STORED DATA START

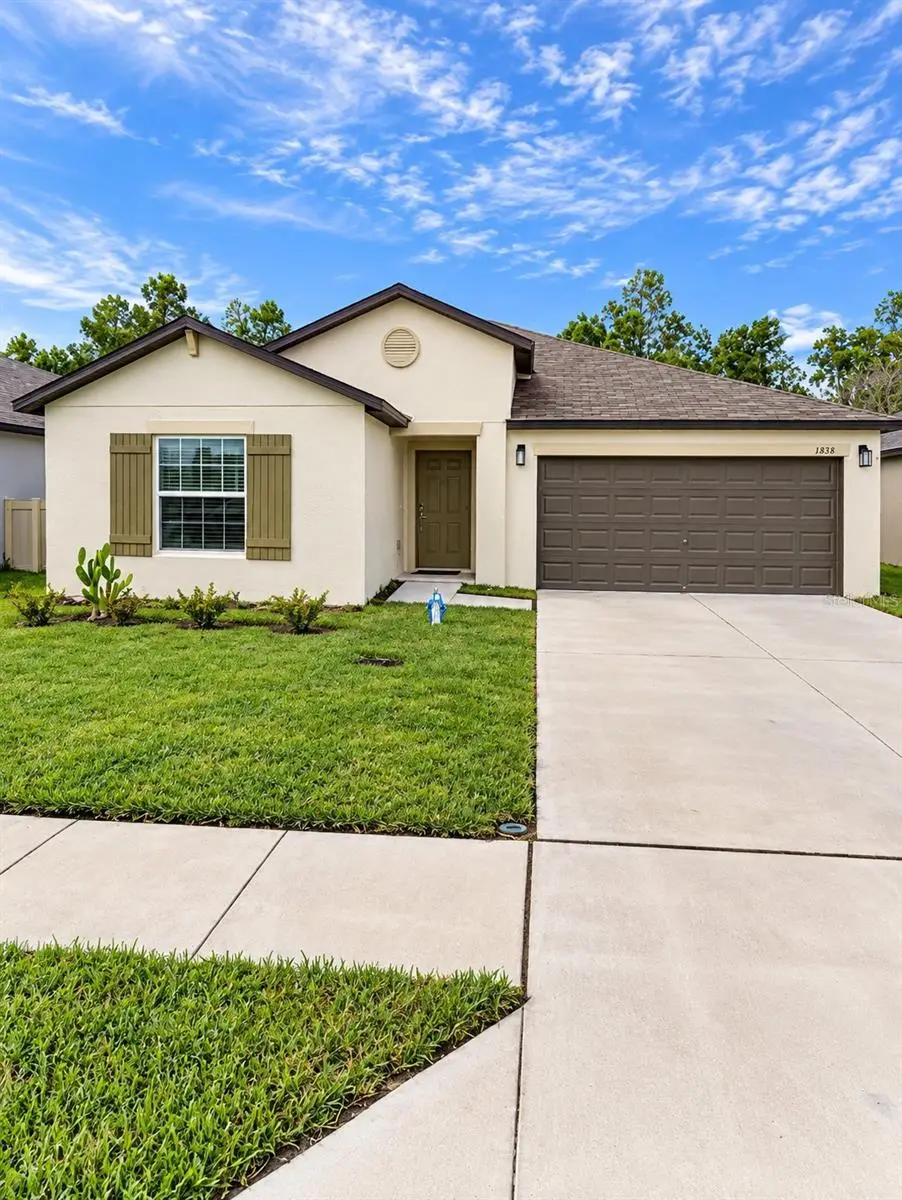 1838 Red Loop, FL
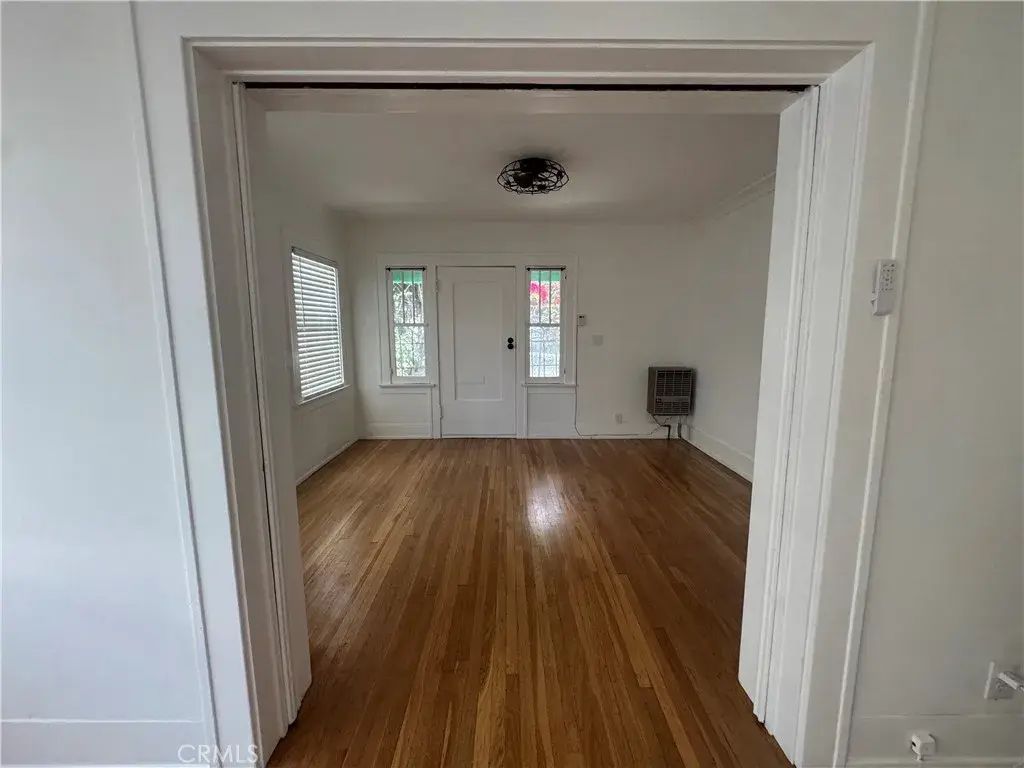 5160 Franklin Avenue, Los Angeles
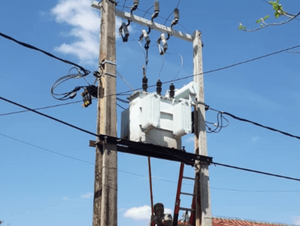 Barrio de Limpio sufre constantes cortes de energía eléctrica · Radio Monumental 1080 AM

STORED DATA END

- **YOUR OBJECTIVE**:
Your copy should hold only the lines running from the one that contains "5160 Franklin Avenue, Los Angeles" through the final line of the data; transcribe them exactly, both ends included, and leave pictures out.

- **YOUR RESPONSE**:
 5160 Franklin Avenue, Los Angeles
 Barrio de Limpio sufre constantes cortes de energía eléctrica · Radio Monumental 1080 AM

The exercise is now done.